Your answer should be only the lines below from the one with "Hall with light" to the one with "a train yard, with", repeated exactly, ends included.

(The data begins)

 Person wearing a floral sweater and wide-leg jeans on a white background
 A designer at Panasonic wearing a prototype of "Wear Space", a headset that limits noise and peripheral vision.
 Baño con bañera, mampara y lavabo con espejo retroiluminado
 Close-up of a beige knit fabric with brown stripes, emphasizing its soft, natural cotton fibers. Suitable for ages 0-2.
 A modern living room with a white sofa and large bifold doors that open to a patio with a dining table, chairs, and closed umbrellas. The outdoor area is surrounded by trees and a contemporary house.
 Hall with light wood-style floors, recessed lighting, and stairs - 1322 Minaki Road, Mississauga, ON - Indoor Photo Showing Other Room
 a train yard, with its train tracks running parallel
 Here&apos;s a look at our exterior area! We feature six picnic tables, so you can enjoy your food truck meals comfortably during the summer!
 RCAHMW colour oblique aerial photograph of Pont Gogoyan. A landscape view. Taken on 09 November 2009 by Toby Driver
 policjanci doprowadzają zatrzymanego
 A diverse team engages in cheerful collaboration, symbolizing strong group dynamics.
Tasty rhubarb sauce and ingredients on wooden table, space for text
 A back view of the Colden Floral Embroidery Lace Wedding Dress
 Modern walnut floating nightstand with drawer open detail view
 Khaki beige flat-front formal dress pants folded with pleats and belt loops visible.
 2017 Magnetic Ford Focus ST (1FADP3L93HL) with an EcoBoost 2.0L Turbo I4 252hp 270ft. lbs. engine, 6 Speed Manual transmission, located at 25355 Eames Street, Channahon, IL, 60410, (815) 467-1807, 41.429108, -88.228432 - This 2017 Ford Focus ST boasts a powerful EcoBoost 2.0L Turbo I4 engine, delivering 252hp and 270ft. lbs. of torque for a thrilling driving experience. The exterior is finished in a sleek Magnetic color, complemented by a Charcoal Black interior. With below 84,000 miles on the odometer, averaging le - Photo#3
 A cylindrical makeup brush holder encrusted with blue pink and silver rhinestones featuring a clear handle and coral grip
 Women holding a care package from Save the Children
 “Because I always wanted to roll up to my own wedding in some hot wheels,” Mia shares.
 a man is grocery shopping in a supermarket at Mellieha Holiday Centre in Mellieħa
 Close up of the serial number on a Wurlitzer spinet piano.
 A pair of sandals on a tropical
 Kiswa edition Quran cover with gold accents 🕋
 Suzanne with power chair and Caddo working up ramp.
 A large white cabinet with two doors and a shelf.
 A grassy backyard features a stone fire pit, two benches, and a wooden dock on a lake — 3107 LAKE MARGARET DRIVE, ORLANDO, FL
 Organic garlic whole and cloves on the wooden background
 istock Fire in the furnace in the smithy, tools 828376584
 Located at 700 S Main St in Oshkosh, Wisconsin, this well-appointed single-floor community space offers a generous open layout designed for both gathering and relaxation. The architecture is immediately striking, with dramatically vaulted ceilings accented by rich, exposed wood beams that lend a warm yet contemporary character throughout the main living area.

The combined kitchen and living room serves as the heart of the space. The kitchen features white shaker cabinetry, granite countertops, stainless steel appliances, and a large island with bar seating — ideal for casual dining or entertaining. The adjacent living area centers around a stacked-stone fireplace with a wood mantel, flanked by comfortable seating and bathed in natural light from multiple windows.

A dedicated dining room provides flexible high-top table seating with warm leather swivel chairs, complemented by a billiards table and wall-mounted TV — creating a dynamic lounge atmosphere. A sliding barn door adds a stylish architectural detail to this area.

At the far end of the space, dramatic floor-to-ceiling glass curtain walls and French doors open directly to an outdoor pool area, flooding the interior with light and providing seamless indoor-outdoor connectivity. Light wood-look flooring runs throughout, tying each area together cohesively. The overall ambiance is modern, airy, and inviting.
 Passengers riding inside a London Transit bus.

(The data ends)

▶ _Problem solution_:
 Hall with light wood-style floors, recessed lighting, and stairs - 1322 Minaki Road, Mississauga, ON - Indoor Photo Showing Other Room
 a train yard, with its train tracks running parallel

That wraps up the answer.